After the local league elects the volunteers who will serve on the Board of Directors for the upcoming season, the Board meets and elects its President and Vice President. Additionally, it forms an Appointment Committee, which includes the League President and Vice President. The Appointment Committee asks the Board members to suggest position recommendations for the upcoming season. Taking the suggestions under consideration, the Committee meets to discuss the recommendations. At the first meeting of the new Board, the proposed positions and staffing recommendations are presented to the quorum and the floor was opened for discussion. Following the discussion, the President asks for a vote on the recommendations, and the Board approves the appointments. Even though there was an opportunity for open discussion prior to voting, and the vote was properly conducted, a group of returning Board members later approach the President with concerns about the two first-year Board members recommended to oversee the concession stand. The group claims that it had recently become aware of alleged fiscal improprieties by the two volunteers while they served in another local youth sports organization. Citing these suspicions, these Board members asks the League President to instruct the Appointment Committee to do an investigation before allowing the Concession Stand Managers to assume their duties.

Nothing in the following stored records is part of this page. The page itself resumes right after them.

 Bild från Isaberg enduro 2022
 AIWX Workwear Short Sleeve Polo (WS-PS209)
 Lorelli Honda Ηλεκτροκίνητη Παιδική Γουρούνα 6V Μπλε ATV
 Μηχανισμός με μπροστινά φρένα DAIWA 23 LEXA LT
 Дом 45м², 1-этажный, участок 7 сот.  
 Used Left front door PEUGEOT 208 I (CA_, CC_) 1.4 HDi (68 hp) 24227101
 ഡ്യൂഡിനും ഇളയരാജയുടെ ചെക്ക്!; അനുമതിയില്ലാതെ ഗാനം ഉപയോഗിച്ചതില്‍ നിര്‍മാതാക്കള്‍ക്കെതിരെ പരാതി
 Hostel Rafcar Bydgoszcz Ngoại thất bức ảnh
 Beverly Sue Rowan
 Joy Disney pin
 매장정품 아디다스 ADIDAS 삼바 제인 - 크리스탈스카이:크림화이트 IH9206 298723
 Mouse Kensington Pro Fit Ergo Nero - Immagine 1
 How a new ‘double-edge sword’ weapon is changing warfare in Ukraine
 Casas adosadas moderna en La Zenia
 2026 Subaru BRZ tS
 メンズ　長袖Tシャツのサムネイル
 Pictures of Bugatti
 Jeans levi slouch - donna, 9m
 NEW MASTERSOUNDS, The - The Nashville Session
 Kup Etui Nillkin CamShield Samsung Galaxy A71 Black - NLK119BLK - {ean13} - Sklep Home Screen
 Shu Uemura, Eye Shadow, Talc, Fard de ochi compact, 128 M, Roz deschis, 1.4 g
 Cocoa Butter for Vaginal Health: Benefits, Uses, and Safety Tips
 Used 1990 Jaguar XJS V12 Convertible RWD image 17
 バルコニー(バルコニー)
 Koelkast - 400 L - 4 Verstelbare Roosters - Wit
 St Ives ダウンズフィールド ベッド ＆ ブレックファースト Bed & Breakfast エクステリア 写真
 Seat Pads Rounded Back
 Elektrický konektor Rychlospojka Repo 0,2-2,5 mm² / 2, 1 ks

The League President and the Vice President first confirm that the Safety Officer had completed the mandatory Little League background checks before the Appointment Committee finalized its recommendations. No prior criminal convictions were discovered. However, the League President did speak with the head administrator for the other youth sports league, and did receive confirmation that there was an on-going police investigation into the misappropriation of funds from the league’s concession sales. The investigation was not complete, so no charges had been filed. With this new information, the League President met with the Board’s senior officers – namely, the league’s Vice President and the Vice Presidents of each of the league’s divisions – and the Chairman of the Appointment Committee. Sharing this new information, it was decided to re-assign both Board members, pending the outcome of the investigation, and place two other Board members in charge of the concession stands. The decision was communicated by the League President to the volunteers, who subsequently stepped down from the Board prior to the next month’s meeting. The local media learned of the situation, and ran a series of news stories reflecting poorly on the league.
Note to Leagues
When recruiting, accepting, and nominating new volunteers to serve on the Board of Directors, it is important to be diligent about getting to know these individuals. Little League’s national background check program will only reveal convictions for a crime, and in some states may only provide a general overview of a person’s criminal history. If you do not know them personally, ask other members of your league, as well as friends and colleagues, if they can provide any insight in their personality, background, work ethic, and service in other local civic organizations. Also consider developing a more thorough nomination form for individuals wishing to join your Board of Directors. Keep in mind that you are volunteering in service of the children and the local Little League, and that to protect the best interests of both. Undergoing a thorough review process prior to making appointments can help prevent situations that can lead to negative publicity or other issues that arise from a Board shakeup.